KÜLTÜR SANAT - 16 Aralık 2025 Salı 11:57

Şanlıurfa ’2029 Dünya Gastronomi Şehri’ unvanına aday gösterildi

A
A
A
Şanlıurfa ’2029 Dünya Gastronomi Şehri’ unvanına aday gösterildi

Şanlıurfa, köklü gastronomi mirası, kültürel zenginliği ve sürdürülebilir üretim geleneği sayesinde Uluslararası Gastronomi, Kültür, Sanat ve Turizm Enstitüsü tarafından 2029 Dünya Gastronomi Şehri unvanına aday gösterildi.


Gastronominin kadim merkezlerinden biri olarak kabul edilen Şanlıurfa, uluslararası alanda önemli bir adaylıkla gündeme geldi. Tarihi ve kültürel mirasının yanı sıra köklü mutfak geleneğiyle öne çıkan tarihi kent, Uluslararası Gastronomi, Kültür, Sanat ve Turizm Enstitüsü (IGCAT) tarafından verilen 2029 Dünya Gastronomi Şehri (World Region of Gastronomy) unvanına aday gösterildi. Türkiye’nin bu alanda aday gösterilen ilk şehri Şanlıurfa oldu.

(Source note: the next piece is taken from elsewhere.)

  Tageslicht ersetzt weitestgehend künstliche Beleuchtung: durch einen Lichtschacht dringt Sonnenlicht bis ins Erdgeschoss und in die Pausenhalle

Yüzyıllar boyunca farklı medeniyetlerin izlerini taşıyan Şanlıurfa mutfağı; lahmacun, kebap çeşitleri, borani ve yöreye özgü birçok lezzetiyle hem Türkiye’de hem de dünyada tanınmaktadır. Şanlıurfa Büyükşehir Belediye Başkanı Mehmet Kasım Gülpınar, 2029 Dünya Gastronomi Şehri (World Region of Gastronomy) unvanına aday gösterilmesi konusunda basın toplantısı düzenledi.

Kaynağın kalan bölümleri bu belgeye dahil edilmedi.